◆ **Work instruction**
Each record below is to be copied exactly; the pictures are to be omitted.

◆ **Supplied data**
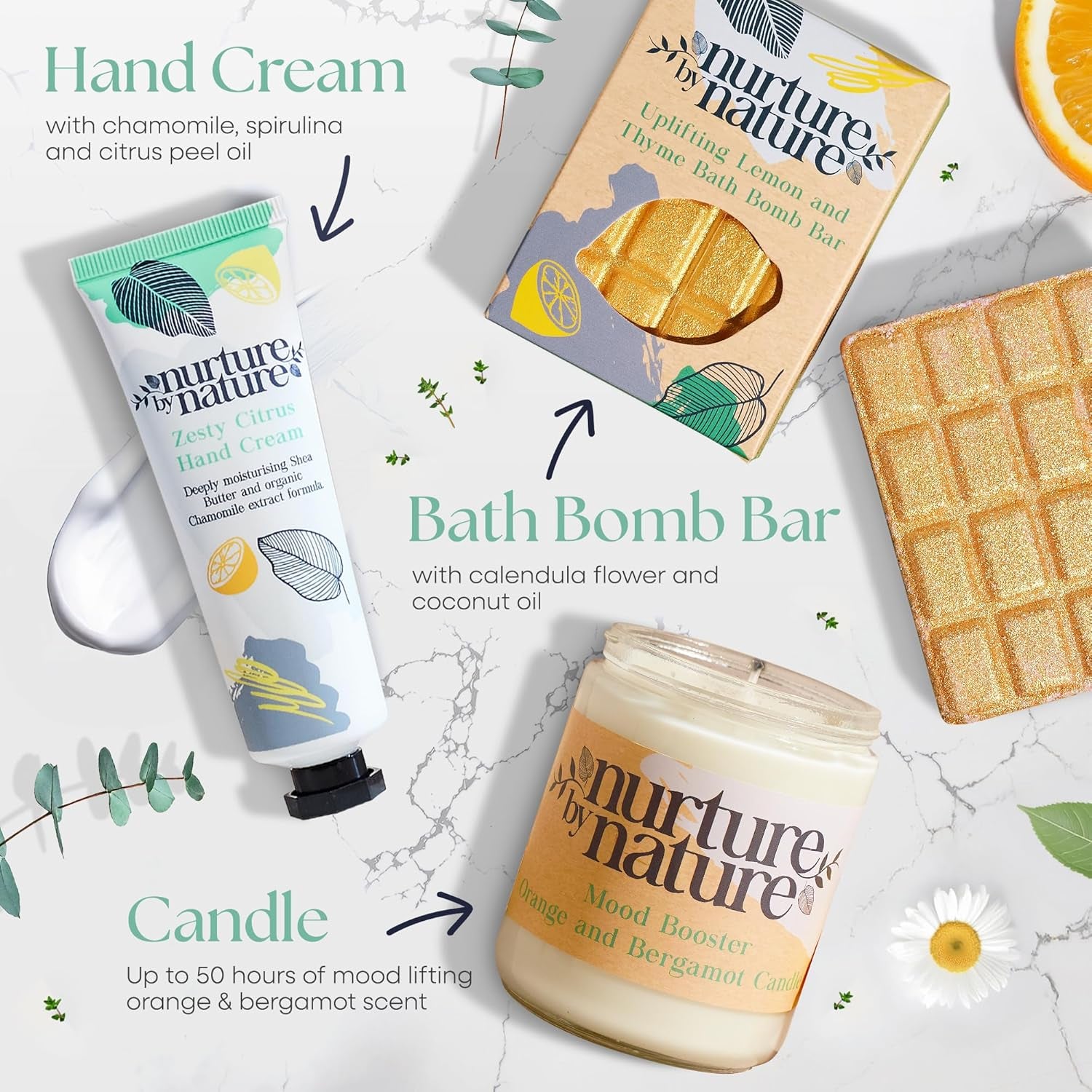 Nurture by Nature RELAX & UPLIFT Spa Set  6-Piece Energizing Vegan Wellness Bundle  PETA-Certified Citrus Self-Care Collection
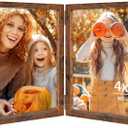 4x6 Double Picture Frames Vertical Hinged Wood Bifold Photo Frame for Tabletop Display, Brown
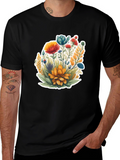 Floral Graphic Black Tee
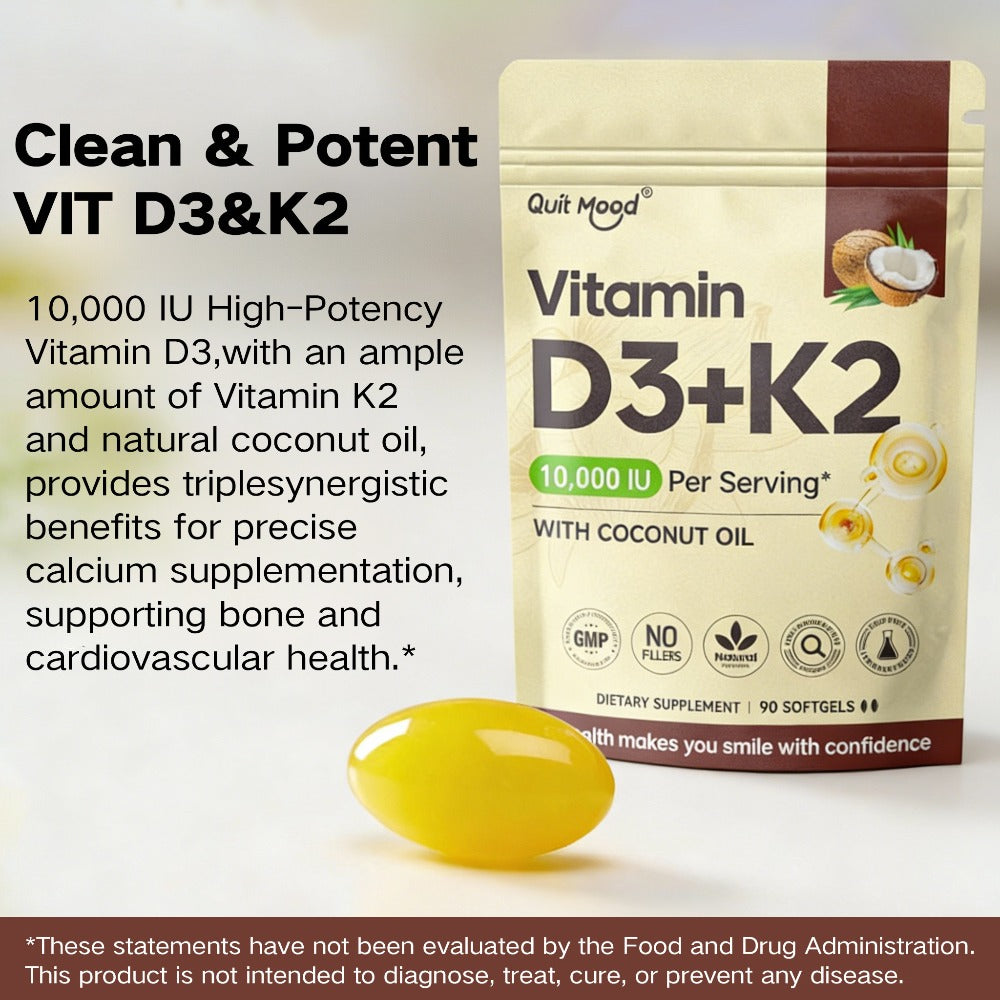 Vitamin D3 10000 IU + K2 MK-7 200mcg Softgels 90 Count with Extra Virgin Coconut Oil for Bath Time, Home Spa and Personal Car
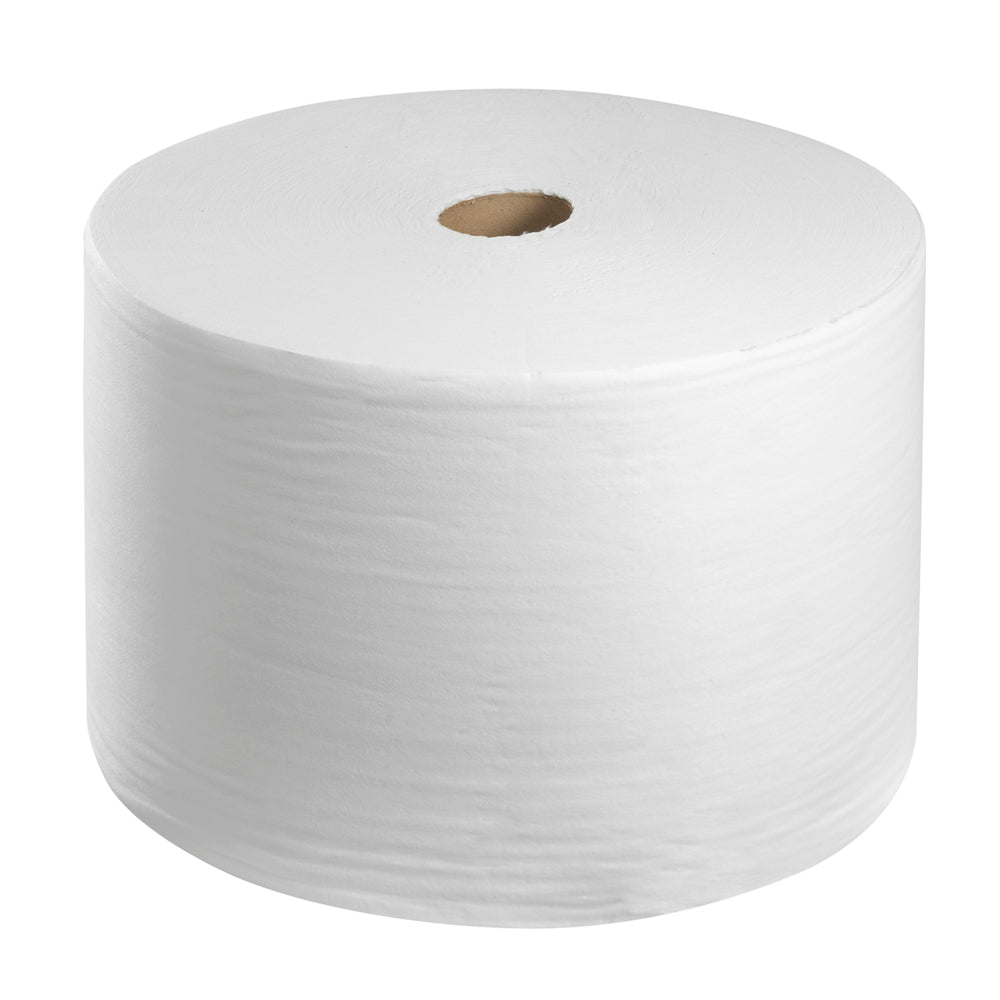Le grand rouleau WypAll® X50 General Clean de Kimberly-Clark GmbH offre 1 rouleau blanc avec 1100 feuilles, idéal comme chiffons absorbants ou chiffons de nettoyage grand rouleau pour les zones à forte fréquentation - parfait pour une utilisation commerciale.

◆ **Task answer**
 Nurture by Nature RELAX & UPLIFT Spa Set  6-Piece Energizing Vegan Wellness Bundle  PETA-Certified Citrus Self-Care Collection
 4x6 Double Picture Frames Vertical Hinged Wood Bifold Photo Frame for Tabletop Display, Brown
 Floral Graphic Black Tee
 Vitamin D3 10000 IU + K2 MK-7 200mcg Softgels 90 Count with Extra Virgin Coconut Oil for Bath Time, Home Spa and Personal Car
Le grand rouleau WypAll® X50 General Clean de Kimberly-Clark GmbH offre 1 rouleau blanc avec 1100 feuilles, idéal comme chiffons absorbants ou chiffons de nettoyage grand rouleau pour les zones à forte fréquentation - parfait pour une utilisation commerciale.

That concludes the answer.